= INSTRUCTIONS TO FOLLOW =
When you reach the line containing "Street bench made" in the data below, begin returning lines exactly as written, and stop once the line containing "Spacious modern bedroom" has been returned.

= DATA =
....

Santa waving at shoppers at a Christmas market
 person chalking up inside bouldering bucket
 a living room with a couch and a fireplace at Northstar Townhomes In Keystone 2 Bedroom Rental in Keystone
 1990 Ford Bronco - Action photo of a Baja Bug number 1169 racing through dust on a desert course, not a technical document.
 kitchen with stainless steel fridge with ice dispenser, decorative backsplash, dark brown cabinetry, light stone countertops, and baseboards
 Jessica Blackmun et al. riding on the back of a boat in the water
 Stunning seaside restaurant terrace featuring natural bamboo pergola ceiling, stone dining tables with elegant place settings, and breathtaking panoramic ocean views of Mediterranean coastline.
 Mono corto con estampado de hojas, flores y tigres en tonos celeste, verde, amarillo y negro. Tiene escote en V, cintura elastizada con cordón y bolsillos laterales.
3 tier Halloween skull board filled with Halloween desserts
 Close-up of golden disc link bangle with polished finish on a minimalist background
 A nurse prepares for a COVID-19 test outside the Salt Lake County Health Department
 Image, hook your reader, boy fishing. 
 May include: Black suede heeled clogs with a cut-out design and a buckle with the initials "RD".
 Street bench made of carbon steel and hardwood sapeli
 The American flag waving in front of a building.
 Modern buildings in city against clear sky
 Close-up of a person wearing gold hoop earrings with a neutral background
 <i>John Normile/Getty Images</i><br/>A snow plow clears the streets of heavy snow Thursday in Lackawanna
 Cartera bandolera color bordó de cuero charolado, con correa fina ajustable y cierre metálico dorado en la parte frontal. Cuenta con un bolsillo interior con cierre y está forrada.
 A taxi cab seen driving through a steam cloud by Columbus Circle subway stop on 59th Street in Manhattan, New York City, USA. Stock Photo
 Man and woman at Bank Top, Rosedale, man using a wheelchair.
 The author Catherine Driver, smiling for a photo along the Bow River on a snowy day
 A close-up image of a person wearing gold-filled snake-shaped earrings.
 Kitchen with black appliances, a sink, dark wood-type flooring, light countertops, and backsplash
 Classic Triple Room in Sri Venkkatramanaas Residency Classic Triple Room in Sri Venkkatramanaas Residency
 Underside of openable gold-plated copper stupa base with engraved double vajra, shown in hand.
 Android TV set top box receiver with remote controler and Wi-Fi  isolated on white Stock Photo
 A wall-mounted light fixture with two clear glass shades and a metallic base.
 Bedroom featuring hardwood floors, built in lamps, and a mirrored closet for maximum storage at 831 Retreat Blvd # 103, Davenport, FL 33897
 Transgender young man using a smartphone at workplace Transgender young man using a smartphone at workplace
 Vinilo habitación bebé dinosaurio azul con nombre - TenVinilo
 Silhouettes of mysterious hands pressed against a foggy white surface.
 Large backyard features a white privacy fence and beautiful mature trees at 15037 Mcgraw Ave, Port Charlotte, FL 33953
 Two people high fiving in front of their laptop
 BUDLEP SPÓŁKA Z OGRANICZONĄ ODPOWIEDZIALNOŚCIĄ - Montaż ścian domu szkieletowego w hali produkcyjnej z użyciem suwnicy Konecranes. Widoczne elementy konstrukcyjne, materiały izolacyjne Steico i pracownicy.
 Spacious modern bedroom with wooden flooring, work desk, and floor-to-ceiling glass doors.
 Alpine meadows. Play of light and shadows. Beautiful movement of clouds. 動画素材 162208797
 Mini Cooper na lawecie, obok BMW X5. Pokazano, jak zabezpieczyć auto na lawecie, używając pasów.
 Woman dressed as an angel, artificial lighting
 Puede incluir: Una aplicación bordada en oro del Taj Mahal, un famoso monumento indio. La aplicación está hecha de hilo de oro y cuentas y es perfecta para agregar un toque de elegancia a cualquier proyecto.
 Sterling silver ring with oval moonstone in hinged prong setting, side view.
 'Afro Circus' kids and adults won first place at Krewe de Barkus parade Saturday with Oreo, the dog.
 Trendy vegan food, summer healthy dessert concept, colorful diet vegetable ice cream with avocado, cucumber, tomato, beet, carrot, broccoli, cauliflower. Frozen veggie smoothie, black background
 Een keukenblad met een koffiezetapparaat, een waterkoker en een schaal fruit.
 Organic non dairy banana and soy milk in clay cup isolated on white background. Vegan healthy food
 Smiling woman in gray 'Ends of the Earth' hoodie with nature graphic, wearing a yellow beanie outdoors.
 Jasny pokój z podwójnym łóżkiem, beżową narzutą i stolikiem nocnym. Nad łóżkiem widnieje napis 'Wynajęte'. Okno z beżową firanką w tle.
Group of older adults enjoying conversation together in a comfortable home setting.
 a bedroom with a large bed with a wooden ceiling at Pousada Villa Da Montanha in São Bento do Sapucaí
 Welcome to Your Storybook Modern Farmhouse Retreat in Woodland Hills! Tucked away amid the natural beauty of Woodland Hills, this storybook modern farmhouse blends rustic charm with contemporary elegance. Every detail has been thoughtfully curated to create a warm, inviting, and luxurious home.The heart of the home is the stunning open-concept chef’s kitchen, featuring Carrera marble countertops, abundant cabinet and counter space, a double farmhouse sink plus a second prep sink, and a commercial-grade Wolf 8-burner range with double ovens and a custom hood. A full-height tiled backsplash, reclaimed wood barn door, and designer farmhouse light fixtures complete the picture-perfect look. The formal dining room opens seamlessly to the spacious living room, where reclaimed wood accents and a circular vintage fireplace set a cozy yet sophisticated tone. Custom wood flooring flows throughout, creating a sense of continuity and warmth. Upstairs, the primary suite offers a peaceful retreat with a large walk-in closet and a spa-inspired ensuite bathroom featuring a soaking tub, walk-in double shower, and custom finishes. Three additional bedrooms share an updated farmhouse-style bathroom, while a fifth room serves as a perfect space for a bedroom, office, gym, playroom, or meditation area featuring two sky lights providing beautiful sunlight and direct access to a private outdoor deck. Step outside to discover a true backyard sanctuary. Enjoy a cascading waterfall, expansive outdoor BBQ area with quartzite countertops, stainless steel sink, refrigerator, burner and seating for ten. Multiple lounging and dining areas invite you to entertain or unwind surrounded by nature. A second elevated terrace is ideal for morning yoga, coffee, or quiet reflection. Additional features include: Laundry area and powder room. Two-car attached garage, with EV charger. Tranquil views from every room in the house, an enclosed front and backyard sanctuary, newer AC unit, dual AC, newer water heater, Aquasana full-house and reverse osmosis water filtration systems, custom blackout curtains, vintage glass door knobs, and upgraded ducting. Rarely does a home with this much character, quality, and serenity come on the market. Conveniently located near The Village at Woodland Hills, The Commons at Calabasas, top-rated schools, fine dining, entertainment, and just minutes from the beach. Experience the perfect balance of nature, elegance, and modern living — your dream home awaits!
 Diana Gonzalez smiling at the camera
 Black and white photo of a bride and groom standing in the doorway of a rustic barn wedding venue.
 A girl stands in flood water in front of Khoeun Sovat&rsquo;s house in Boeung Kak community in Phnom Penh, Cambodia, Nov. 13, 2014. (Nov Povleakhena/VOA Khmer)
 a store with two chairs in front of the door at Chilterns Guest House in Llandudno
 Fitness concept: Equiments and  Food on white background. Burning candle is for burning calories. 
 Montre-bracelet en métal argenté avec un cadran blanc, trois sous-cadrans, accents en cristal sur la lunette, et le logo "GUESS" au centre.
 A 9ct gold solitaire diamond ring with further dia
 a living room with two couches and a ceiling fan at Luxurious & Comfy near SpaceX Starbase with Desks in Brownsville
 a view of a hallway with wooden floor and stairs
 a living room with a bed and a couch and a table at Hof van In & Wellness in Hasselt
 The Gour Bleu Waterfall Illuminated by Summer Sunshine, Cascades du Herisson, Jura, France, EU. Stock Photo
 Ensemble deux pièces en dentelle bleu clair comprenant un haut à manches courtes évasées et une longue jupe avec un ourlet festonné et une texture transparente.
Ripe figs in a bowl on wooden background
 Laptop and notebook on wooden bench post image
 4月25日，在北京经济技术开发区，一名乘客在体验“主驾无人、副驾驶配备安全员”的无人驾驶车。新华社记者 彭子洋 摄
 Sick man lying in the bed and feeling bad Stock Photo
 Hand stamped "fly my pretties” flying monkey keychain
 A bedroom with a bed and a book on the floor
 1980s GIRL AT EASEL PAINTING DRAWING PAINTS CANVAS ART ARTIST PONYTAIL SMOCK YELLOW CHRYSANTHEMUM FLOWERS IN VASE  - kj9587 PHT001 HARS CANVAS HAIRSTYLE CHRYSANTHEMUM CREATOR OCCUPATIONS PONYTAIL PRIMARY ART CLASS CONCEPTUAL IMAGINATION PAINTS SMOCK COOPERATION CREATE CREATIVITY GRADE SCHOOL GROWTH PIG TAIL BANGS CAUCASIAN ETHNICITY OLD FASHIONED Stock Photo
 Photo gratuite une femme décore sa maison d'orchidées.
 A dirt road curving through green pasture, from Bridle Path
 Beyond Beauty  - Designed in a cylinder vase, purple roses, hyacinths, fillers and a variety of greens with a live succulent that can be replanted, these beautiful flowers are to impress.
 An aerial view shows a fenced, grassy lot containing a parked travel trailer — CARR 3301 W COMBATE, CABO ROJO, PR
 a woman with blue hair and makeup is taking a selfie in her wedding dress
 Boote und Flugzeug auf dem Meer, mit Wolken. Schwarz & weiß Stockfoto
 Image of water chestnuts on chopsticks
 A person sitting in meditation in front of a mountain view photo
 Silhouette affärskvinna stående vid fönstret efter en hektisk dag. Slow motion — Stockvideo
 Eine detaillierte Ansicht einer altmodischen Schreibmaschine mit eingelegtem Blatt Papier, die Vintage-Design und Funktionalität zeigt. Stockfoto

....

= ANSWER =
 Street bench made of carbon steel and hardwood sapeli
 The American flag waving in front of a building.
 Modern buildings in city against clear sky
 Close-up of a person wearing gold hoop earrings with a neutral background
 <i>John Normile/Getty Images</i><br/>A snow plow clears the streets of heavy snow Thursday in Lackawanna
 Cartera bandolera color bordó de cuero charolado, con correa fina ajustable y cierre metálico dorado en la parte frontal. Cuenta con un bolsillo interior con cierre y está forrada.
 A taxi cab seen driving through a steam cloud by Columbus Circle subway stop on 59th Street in Manhattan, New York City, USA. Stock Photo
 Man and woman at Bank Top, Rosedale, man using a wheelchair.
 The author Catherine Driver, smiling for a photo along the Bow River on a snowy day
 A close-up image of a person wearing gold-filled snake-shaped earrings.
 Kitchen with black appliances, a sink, dark wood-type flooring, light countertops, and backsplash
 Classic Triple Room in Sri Venkkatramanaas Residency Classic Triple Room in Sri Venkkatramanaas Residency
 Underside of openable gold-plated copper stupa base with engraved double vajra, shown in hand.
 Android TV set top box receiver with remote controler and Wi-Fi  isolated on white Stock Photo
 A wall-mounted light fixture with two clear glass shades and a metallic base.
 Bedroom featuring hardwood floors, built in lamps, and a mirrored closet for maximum storage at 831 Retreat Blvd # 103, Davenport, FL 33897
 Transgender young man using a smartphone at workplace Transgender young man using a smartphone at workplace
 Vinilo habitación bebé dinosaurio azul con nombre - TenVinilo
 Silhouettes of mysterious hands pressed against a foggy white surface.
 Large backyard features a white privacy fence and beautiful mature trees at 15037 Mcgraw Ave, Port Charlotte, FL 33953
 Two people high fiving in front of their laptop
 BUDLEP SPÓŁKA Z OGRANICZONĄ ODPOWIEDZIALNOŚCIĄ - Montaż ścian domu szkieletowego w hali produkcyjnej z użyciem suwnicy Konecranes. Widoczne elementy konstrukcyjne, materiały izolacyjne Steico i pracownicy.
 Spacious modern bedroom with wooden flooring, work desk, and floor-to-ceiling glass doors.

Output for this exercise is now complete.